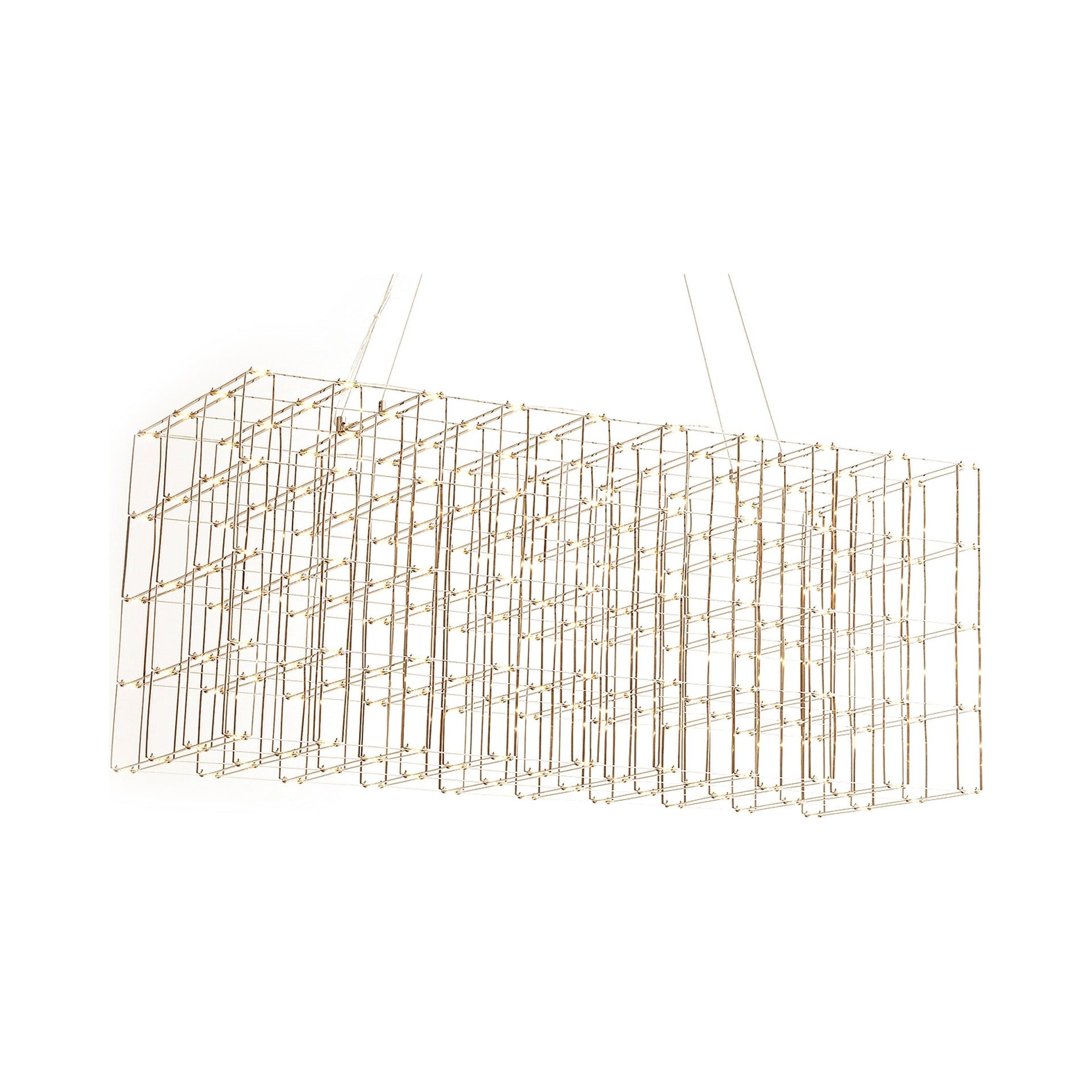 Gold Cage LED Chandelier with Chrome Accents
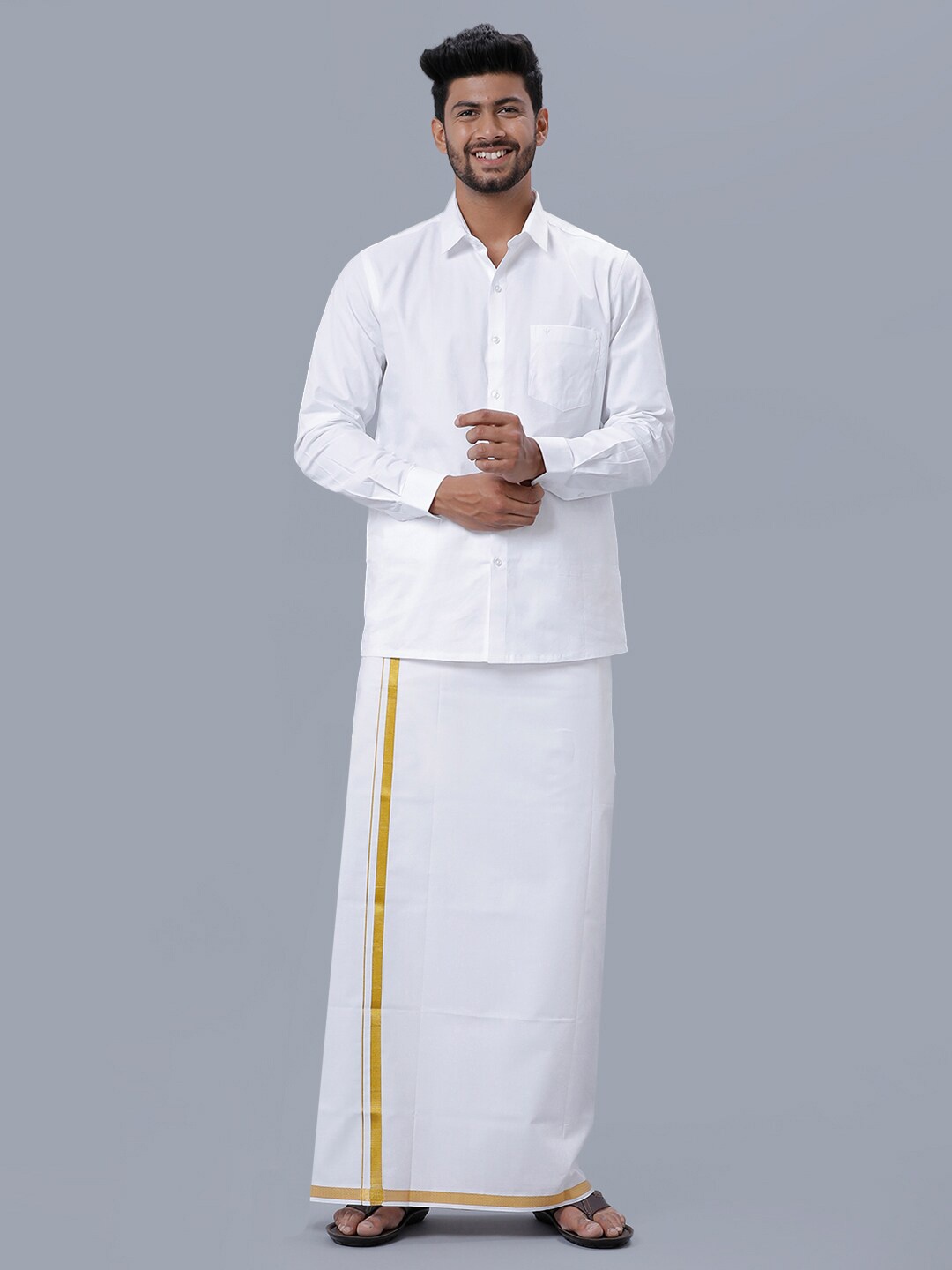 

Ramraj Men Full Sleeves Traditional Shirt & Gold Jari Border Dhoti Set, White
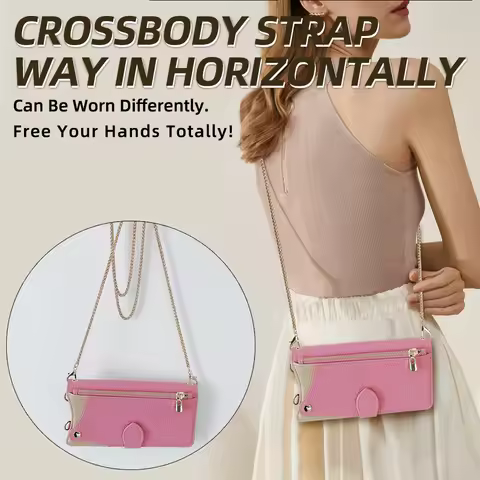 Zipper Crossbody Wallet Case For Tecno Pop 10 9 8 7 6 Pro Metal Chain Leather 2 Cards Slot Mini Make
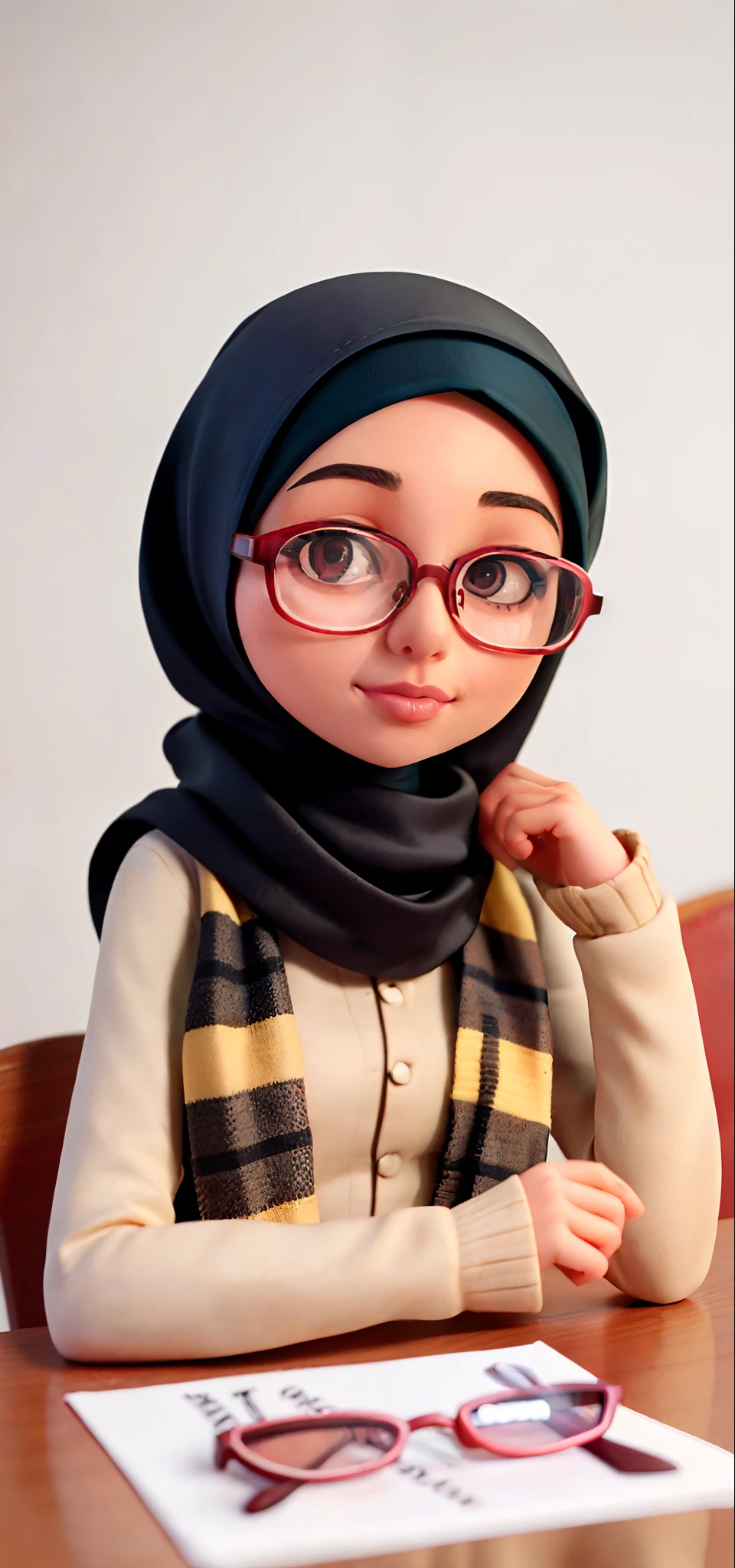 a girl wearing glasses and a pink scarf poses for a picture, hijab, with square glasses, with glasses, in a hijab, wearing square glasses, eyeglasses, close up potrait, semi realism, with black eyeglasses, with accurate face, wearing eyeglasses, pink glasses, with glasses on, spectacled, wearing thin large round glasses, wearing black frame glasses, high quality portrait, eye glasses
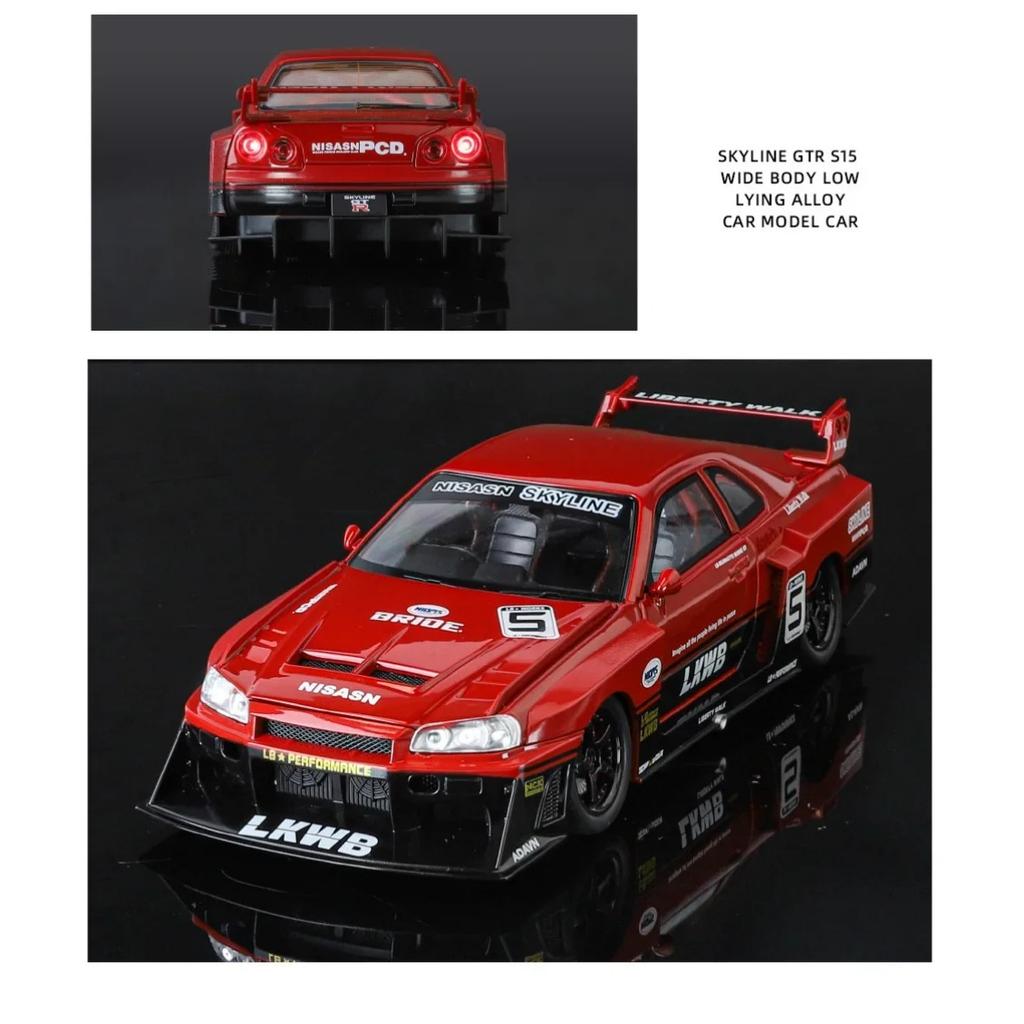 1/24 Nissan Skyline GTR-R34 S15 Alloy Racing Car Modified Vehicles Diecast Metal Car Model Sound and Light Childrens Toy Gift C354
● ● ● ● ●
| WORK REQUIRED |
Each record above must be set down again unchanged, with its pictures left out.

| RESPONSE TO THE TASK |
 Gold Cage LED Chandelier with Chrome Accents

Ramraj Men Full Sleeves Traditional Shirt & Gold Jari Border Dhoti Set, White
 Zipper Crossbody Wallet Case For Tecno Pop 10 9 8 7 6 Pro Metal Chain Leather 2 Cards Slot Mini Make
 a girl wearing glasses and a pink scarf poses for a picture, hijab, with square glasses, with glasses, in a hijab, wearing square glasses, eyeglasses, close up potrait, semi realism, with black eyeglasses, with accurate face, wearing eyeglasses, pink glasses, with glasses on, spectacled, wearing thin large round glasses, wearing black frame glasses, high quality portrait, eye glasses
 1/24 Nissan Skyline GTR-R34 S15 Alloy Racing Car Modified Vehicles Diecast Metal Car Model Sound and Light Childrens Toy Gift C354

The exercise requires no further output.